Seventh-generation Minnesotans aren't necessarily known for having a sarcastic bent, but sometimes it can come in handy.
Exhibit A: Pattie and Mark Björnson.
In 1984, as a pledge in the University of Minnesota's coed business fraternity Delta Sigma Pi, Pattie was required to interview active members. Her final question to Mark was about his long-term goals.
"He told me he wanted to live out in the country and have chickens and build his own home with a big stone fireplace — he had put himself through college building them — and he wanted to have a large family. This was in 1984, when everybody was very corporate.
"So I sarcastically responded, 'Wow, look me up when you want to get married.' "

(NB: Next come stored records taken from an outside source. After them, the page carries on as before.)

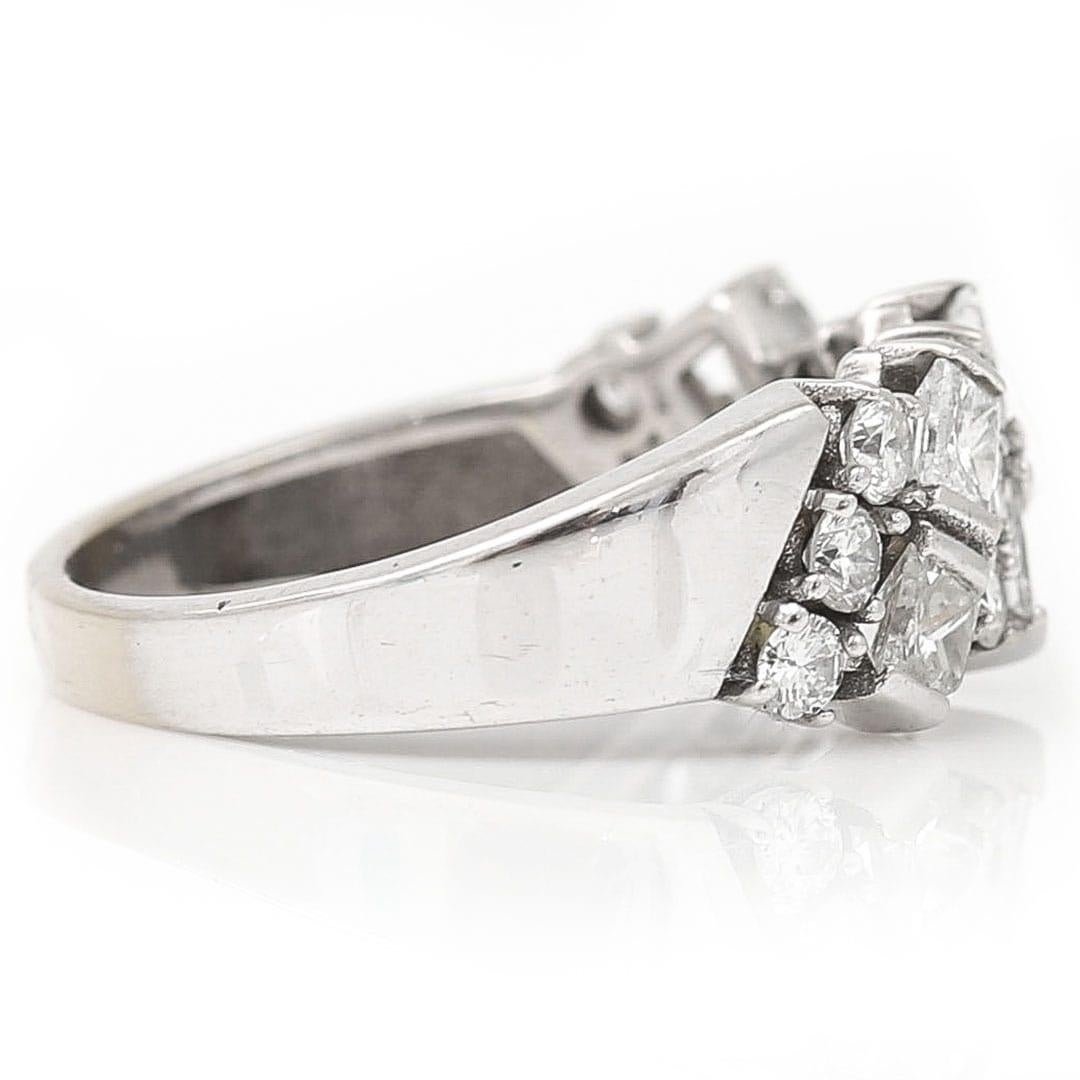 Contemporary 18ct White Gold 1.25 Carat Princess and Brilliant Cut Half Eternity Band Ring For Sale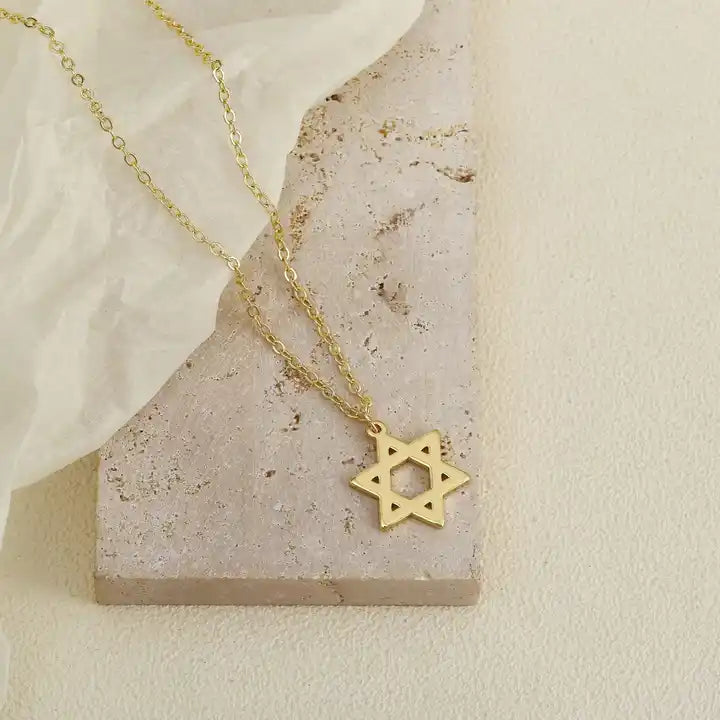 Simple cross chain choker stainless steel star of david pendant necklace single layer hexagram jewish star necklace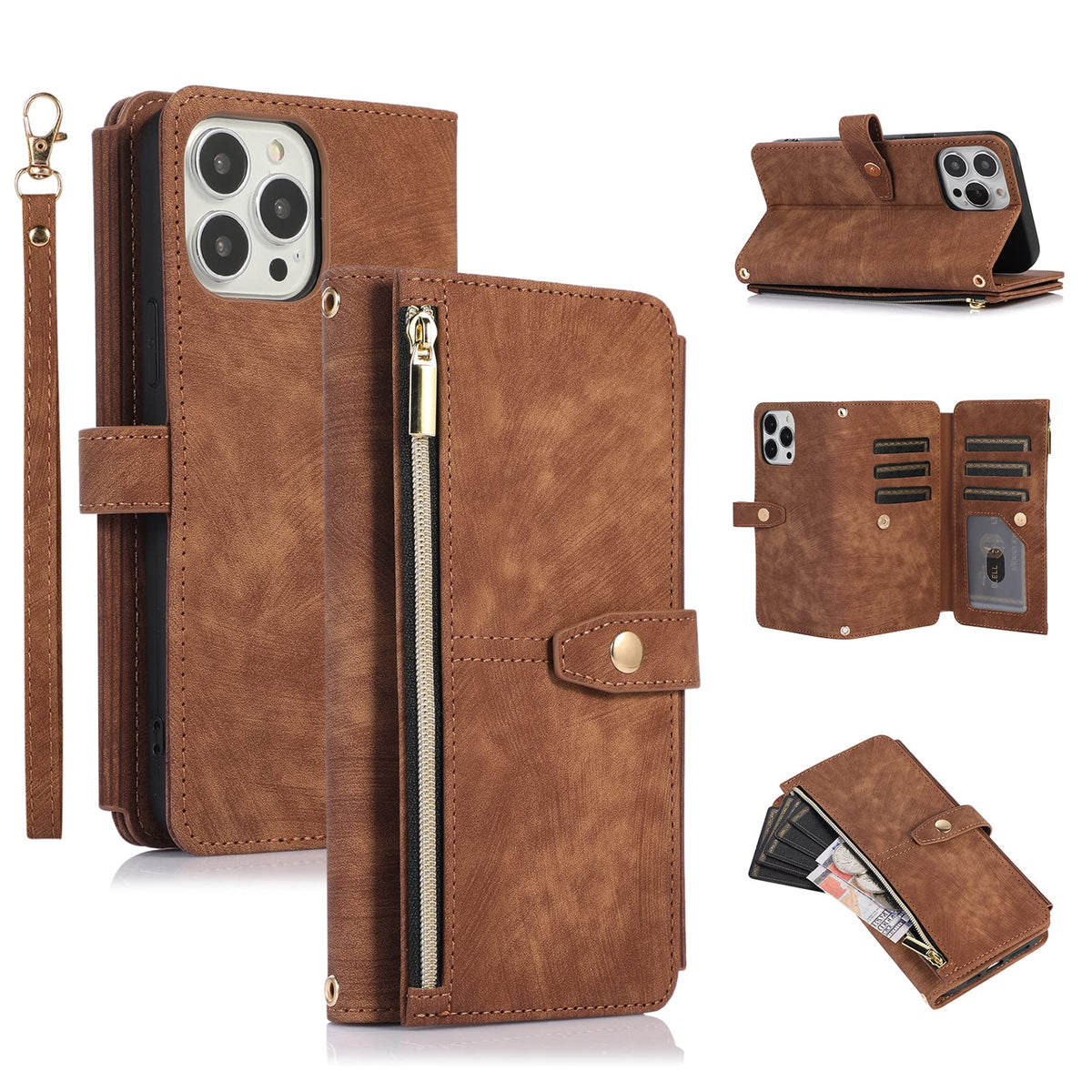 Ueebai Case For Iphone 12 Pro Max 6.7 Inch, 9 Card Slots Retro Leather Wallet Shockproof Flip Cover With Hand Strap Card Slots Z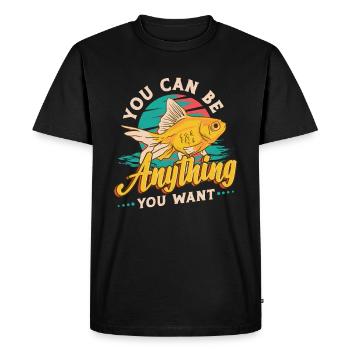 Goldfish Be A Shark, message de motivation - T-shirt Premium bio Homme - noir - Devant - Nico (187cm)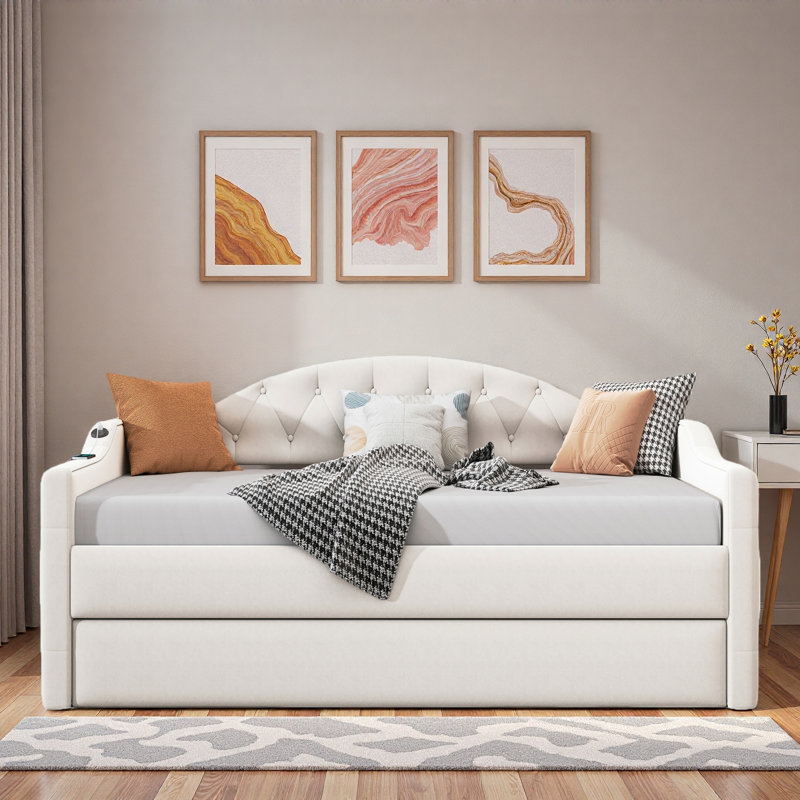 Upholstered Daybed With Trundle, Charging Station And Button Tufted Design, Beige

Well he did, and they did, and now they live out in the country and have … well, not chickens but vines, thousands of them, plus four offspring and a big stone fireplace (in their tasting room). They sell most of the grapes but also make stellar wines at Björnson Vineyard in Oregon's Willamette Valley.
Still, it was quite the circuitous route. They dated for four years and got married in 1989, but couldn't take a honeymoon because Mark was buried in a training program for work. Four years later, they bought a tandem bicycle and plane tickets to Europe and pedaled through Germany with a 2-year-old daughter in tow. The countryside wowed, dazzled and beckoned them.
"It was glorious," Mark recounted, "and I said if we don't do it [go the rural route] now, we'll never do it. We stayed in a couple of little wineries on the Mosel River, and we decided then we wanted to have a vineyard and winery. The whole thing was a thick measure of raw foolishness."